> Exercise description
Two lines mark the range in the entries below: the one holding "Trốn phố về" and the one holding "bEF<sup>−</sup>GCAP2 mislocalizes in". Set down those two and all lines between them, exactly.
START Data for the task
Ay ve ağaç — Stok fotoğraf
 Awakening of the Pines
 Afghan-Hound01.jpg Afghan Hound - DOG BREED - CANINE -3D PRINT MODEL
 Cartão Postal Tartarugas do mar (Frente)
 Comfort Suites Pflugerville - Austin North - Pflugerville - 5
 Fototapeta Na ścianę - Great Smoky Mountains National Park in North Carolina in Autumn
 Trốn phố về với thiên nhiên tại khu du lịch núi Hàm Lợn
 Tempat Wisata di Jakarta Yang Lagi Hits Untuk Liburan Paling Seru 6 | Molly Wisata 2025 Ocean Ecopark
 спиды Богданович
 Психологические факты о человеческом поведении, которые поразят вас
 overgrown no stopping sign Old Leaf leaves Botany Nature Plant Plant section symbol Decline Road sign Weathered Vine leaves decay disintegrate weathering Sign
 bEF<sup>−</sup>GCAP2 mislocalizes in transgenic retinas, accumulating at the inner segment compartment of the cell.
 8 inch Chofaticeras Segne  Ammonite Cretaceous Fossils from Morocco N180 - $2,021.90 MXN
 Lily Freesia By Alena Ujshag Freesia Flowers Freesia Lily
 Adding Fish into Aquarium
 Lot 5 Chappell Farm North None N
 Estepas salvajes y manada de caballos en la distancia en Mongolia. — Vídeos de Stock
END Data for the task
> Written response
 Trốn phố về với thiên nhiên tại khu du lịch núi Hàm Lợn
 Tempat Wisata di Jakarta Yang Lagi Hits Untuk Liburan Paling Seru 6 | Molly Wisata 2025 Ocean Ecopark
 спиды Богданович
 Психологические факты о человеческом поведении, которые поразят вас
 overgrown no stopping sign Old Leaf leaves Botany Nature Plant Plant section symbol Decline Road sign Weathered Vine leaves decay disintegrate weathering Sign
 bEF<sup>−</sup>GCAP2 mislocalizes in transgenic retinas, accumulating at the inner segment compartment of the cell.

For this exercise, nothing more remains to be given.